Lawrence Cosentino/City Pulse
Get out there and see what Donald Trump supporters are thinking. It’s already a journalism cliche.

Shocked by Trump’s election, some reporters have taken up the task with genuine curiosity, others with mockery in their hearts. As Trump’s star lifted like a rogue blimp in 2016, David Brooks of The New York Times turned his humble search for the soul of middle America into a public rite of penance.

With Inauguration Day at hand, other reporters in this issue are writing about the fears Trump has aroused, along with other Inauguration Day thoughts. I set out to learn what Trump voters are hoping for.

My editor gave me the assignment, but it took the words of Abraham Lincoln, as spoken by Arnold Schwarzenegger, to get me in the mood.

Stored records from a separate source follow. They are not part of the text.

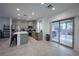 Modern kitchen with stainless steel appliances, an island, and sliding glass doors to backyard at 4920 Blue Rose St, North Las Vegas, NV 89081
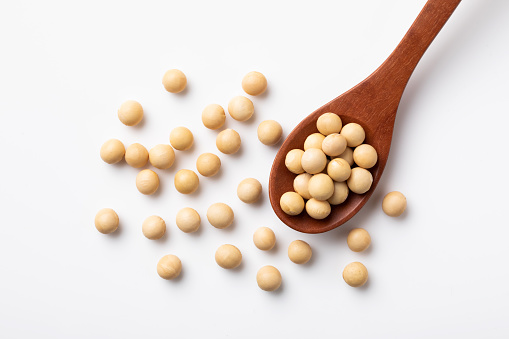 Soybeans on wooden spoon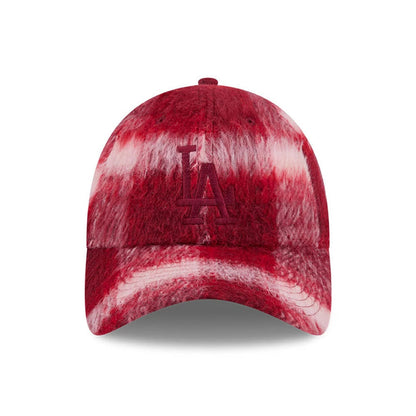 New Era LA Dodgers MLB Fabric Story Red Casual Classic Adjustable Cap, front view showing the red embroidered LA logo on a distinctive fuzzy red and white patterned crown, with a matching curved visor and top button.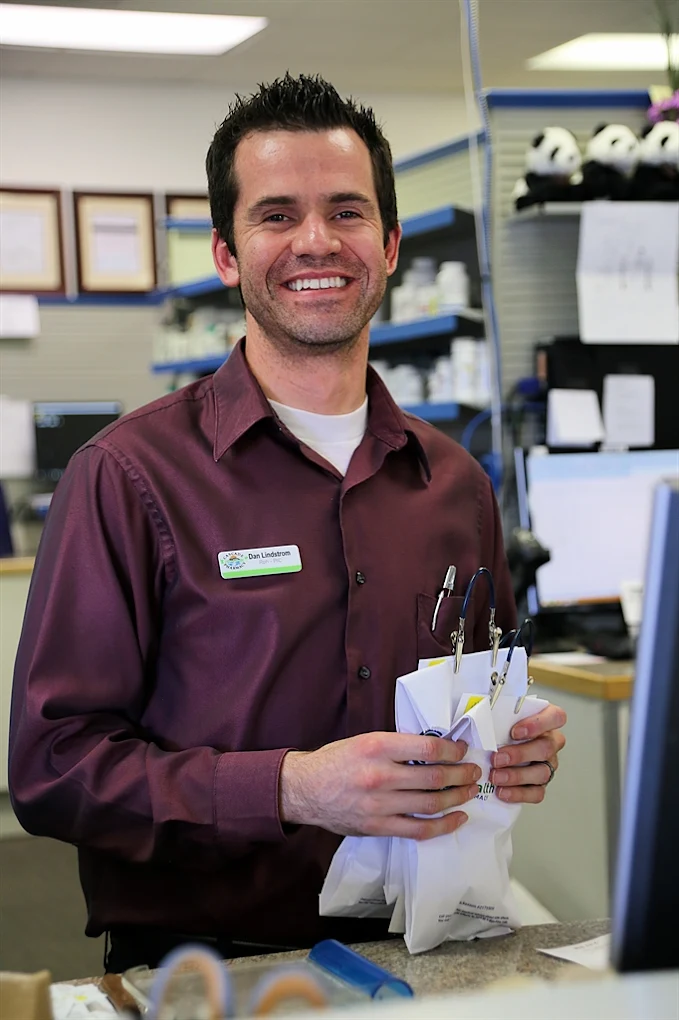 Dan Lindstrom, Cascade Pharmacy staff member, smiling at the counter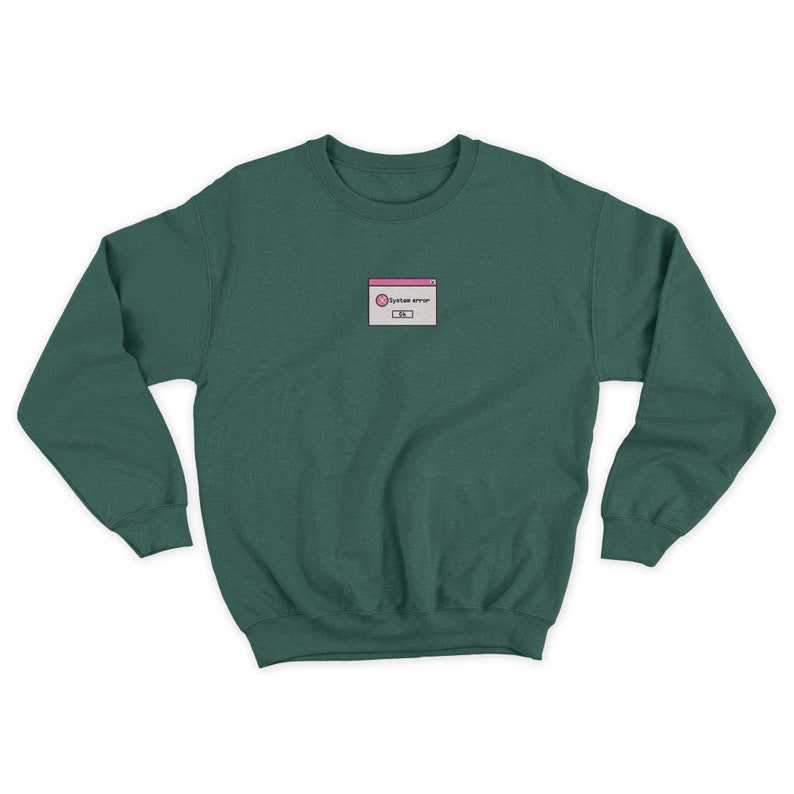 May include: A dark green sweatshirt with a small embroidered image of a computer error message. The message reads "System error" and is in a white box with a pink border.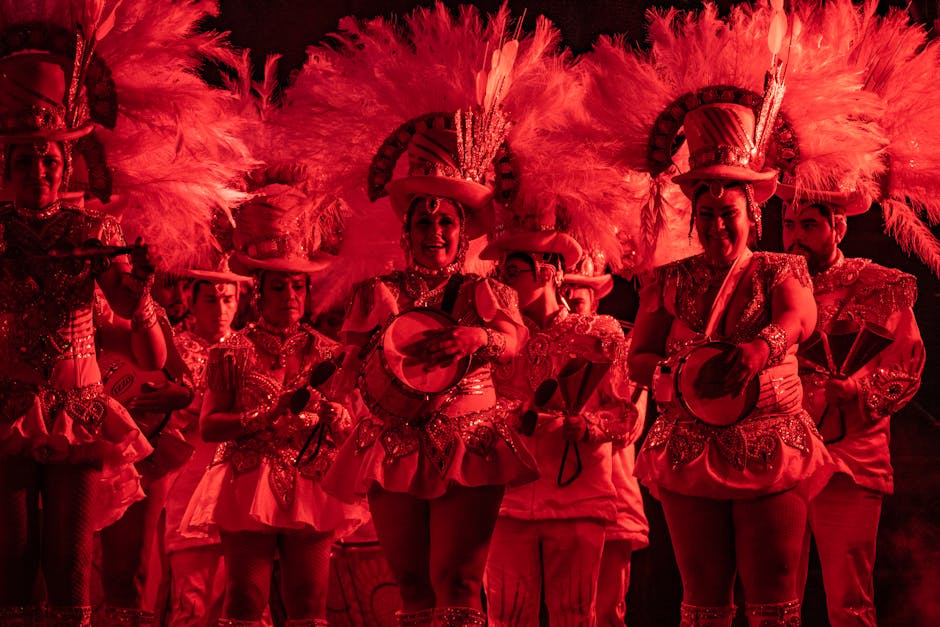 Colorful carnival performers play music and dance, capturing festive spirit with elaborate costumes and vibrant lighting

“Ve are not enemiece, but frientz,” Shwarzenegger said, quoting Lincoln in an online video last week. (He made fun of his Austrian accent first, so it’s OK.) “Ve must not be enemies. Though passion may have strained, it must not break argrhh bonds of affection.”

Lincoln, of course, was talking about the Civil War. Shwarzenegger was reacting to the president-elect’s tweet on Jan. 5, crowing over Shwarzenegger’s poor ratings on Trump’s old show, “The Apprentice.”

Pumped up by the all-American triple play of Lincoln to Trump to Shwarzenegger, I trundled off to Potterville, about 20 minutes’ drive southwest of Lansing, past shining Lake Interstate.

Differences and quirks

At the heart of Main Street in Potterville is Joe’s Gizzard City, a local institution, famous for its deep-fried chicken gizzards.

I ran into a woman outside the place, but she didn’t want to talk about the election.

“I have to work in this town,” she said. Potterville went for Trump, 654 to 452, as did surrounding Eaton County, 27,609 to 24,938.

Jerry and Katherine Kramarz of Dearborn visited Joe’s Gizzard City In Potterville last week. Both hope Trump will put an end to the United States’ “kowtowing” to other countries.
Lawrence Cosentino/City Pulse

At about noon last Friday, Joe Bristol, the owner, was in the kitchen, pressing a hissing chicken breast into the grill with a spatula. He declined to say whom he voted for, but he threw me a bite of philosophy.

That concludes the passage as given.